ISINMA ÇALIŞMASI -1-




Öğretmen çocuklara, “Şimdi hepiniz, rüzgarda dans 

eden mutlu birer balonsunuz.” Der ve Astor 

Piazzolla’nın My Happiness (2 dk. 18 sn.) ve 

Zaz’ın Je veux adlı eserleri eşliğinde, sınıfta 

yürüyerek dans etmelerini ister. 

RAHATLAMA ÇALIŞMASI -1-


Öğretmen, öğrencilerin yere uzanmalarını ve gözlerini kapamalarını ister. (Yere uzanmak istemeyenler sıraların üzerine ellerini ve başlarını koyarak gözlerini kapatırlar.)  Ellerinizi karnınızın üzerine koyun. Müziği hissetmeye çalışın (Kenio Fuke - Summer's Love). Yemyeşil bir ormanda gezinti yaptığınızı hayal edin. Rüzgar ılık ılık yüzünüzü okşuyor. Etrafta, birbirinden güzel kelebekler var.

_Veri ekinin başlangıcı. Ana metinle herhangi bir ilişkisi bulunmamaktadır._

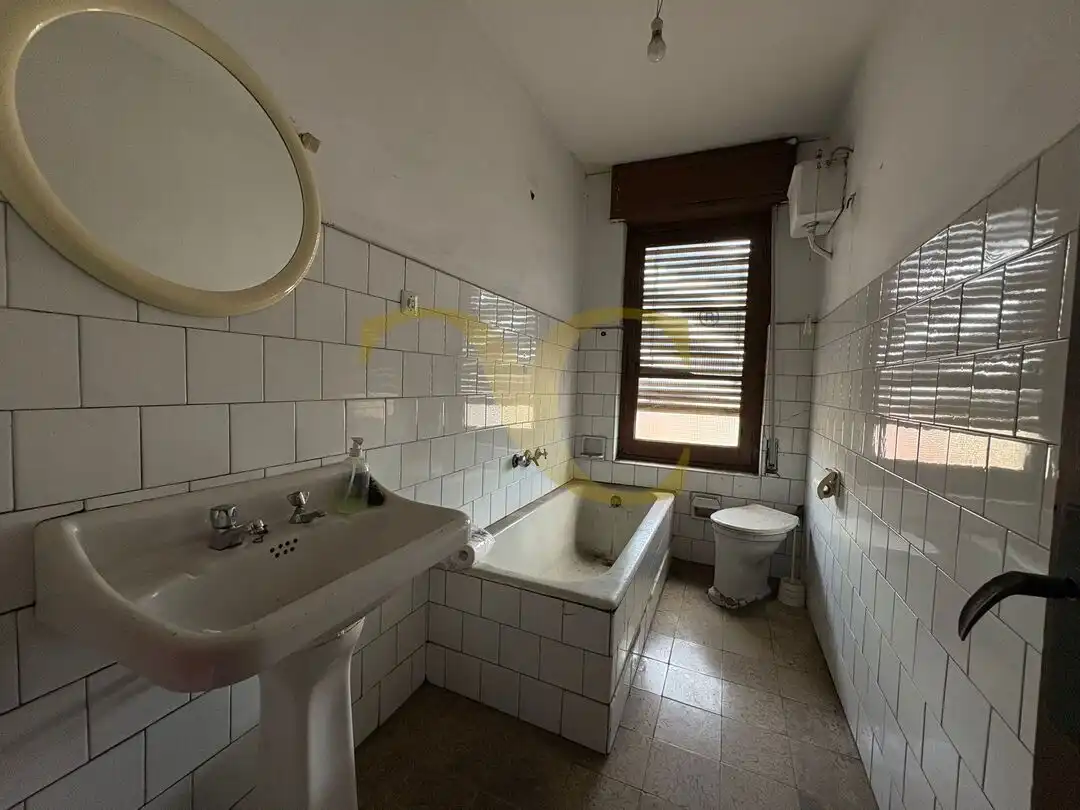 Baño de Edificio en venta en Gijón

Onları seyredin. (15 sn bekler) Kelebeklerin yanına gidin, sizden kaçmayacaklar. 

BALON ŞİŞİRME / PATLATMA DRAMASI


·  
   Öğretmen, öğrencilere, “Sırada, hepinizin seveceği bir drama etkinliğimiz var.” Diyerek hem drama çalışmasına farkındalık kazandırır hem de öğrencilerin ilgisini çeker.
·         
    Öğretmen öğrencilere, “Şimdi hepiniz sönük bir balon olsun diyerek yönerge verir.
·        
    Tüm grup el ele tutuşup, ortada toplanır.

Çocuklar, birbirine iyice sokularak, sıkışık olarak dururlar. 


Öğretmenin “Şimdi balonu şişirelim.” Demesi üzerine, 

herkes ağzıyla “Fıssss… Fıssss” diye ses çıkarırken, daire 

yavaş yavaş genişler ve gerilir. En sonunda her çocuk, iyice 

gerilir. Öğretmen “Paaaaaaattt” diye bağırır. Balon 

patlamıştır ve herkes yere, halının üzerine serilir.

Sevgi Öğretmen'den Not:

Balon şişirme draması, tam bir klasik. Okul öncesi 

dönemde, tüm gelişim seviyesindeki çocuklar, bu etkinliğe 

severek katılıyor. Ne var ki, "Paaaatttt" sesiyle birlikte kendini 

aniden yere bırakan çocuklar birbirlerine çarpabiliyor.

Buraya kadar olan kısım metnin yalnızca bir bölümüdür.